L’ampleur exacte du nombre de morts lors de ces épidémies et leur impact potentiel sur l’effondrement de l’empire restent incertains. Au moment de la peste Justinianique, la puissance et l'influence de l'Empire romain avaient considérablement diminué, même si la partie orientale de l'empire avait survécu jusqu'à la chute de la capitale Constantinople en 1453.

Bien que les nouvelles découvertes offrent des informations précieuses sur le climat romain antique, ni l'équipe de Zonneveld ni personne d'autre ne peut définir de manière concluante l'influence possible des changements de température et des précipitations sur la propagation des maladies infectieuses, admet Brandon McDonald, archéologue classique à l'Université de Bâle en Suisse. .

Alors que l'on sait que la peste Justinianique a été causée par la bactérie responsable de la peste noire, Yersinia pestis, les agents pathogènes spécifiques de la peste d'Antonin et de la peste de Cyprien ne sont toujours pas identifiés, ajoute McDonald, ce qui complique encore la tâche d'expliquer comment le climat aurait pu influencer ces événements.

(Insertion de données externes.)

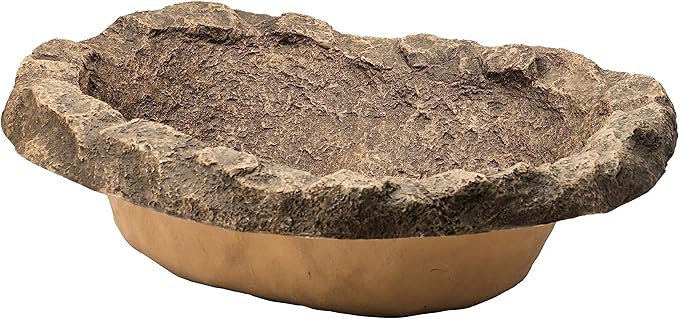 Small Flower Faux Rock Fiberglass Garden Decorative Water Pond, 17 Gallon Sandstone Outdoor Patio Bed Waterfall Pond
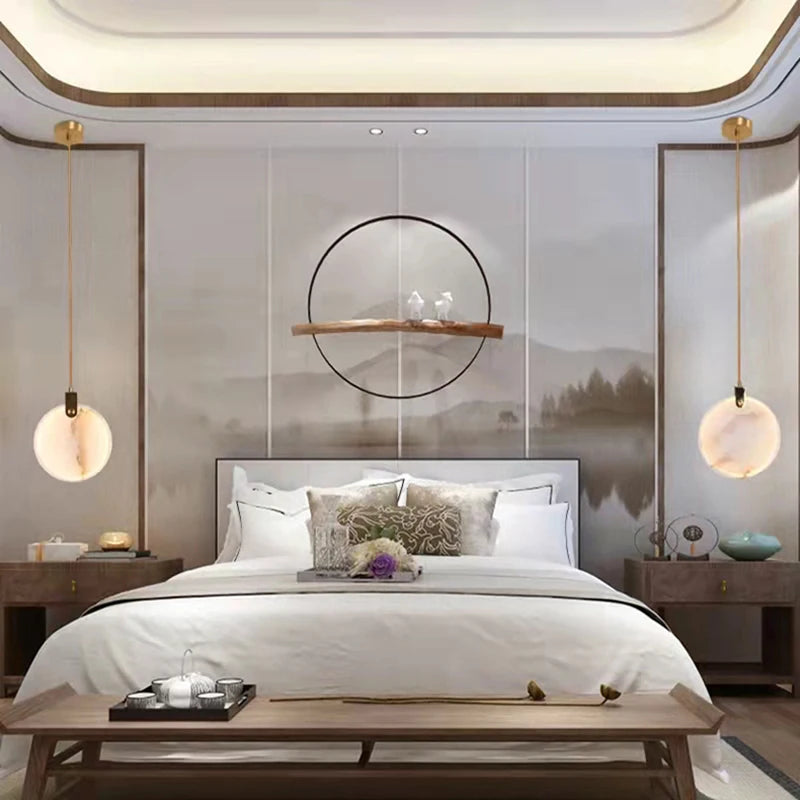 lustre led en marbre naturel avec fil réglable en laiton - vue 5 sur 10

Enfin, Colin Elliott, historien économique et social, souligne que de nombreux microbes pathogènes semblent prospérer dans des conditions froides et sèches.

Dans le nouveau livre d’Elliott consacré à la peste antonine, Pox Romana, il affirme que la production céréalière en Italie et dans d’autres parties de l’Empire romain a souffert pendant les années froides. En conséquence, les habitants affamés des campagnes italiennes pourraient avoir migré vers des villes où des céréales importées étaient disponibles, explique Elliott, de l'Université d'Indiana à Bloomington. « Les maladies se sont déplacées avec les migrants, mais l’afflux de populations sous-alimentées et immunologiquement [vulnérables] dans les villes a presque certainement également accru la virulence de la pandémie. »

Curieusement, la nouvelle étude soulève également la possibilité que des automnes plus frais et plus secs aient réduit les cas de paludisme, explique Kristina Sessa, historienne de l'Ohio State University. Le climat plus doux pourrait avoir affaibli ou tué les moustiques sensibles à la température qui transmettaient régulièrement la dangereuse maladie dans le sud de l'Italie.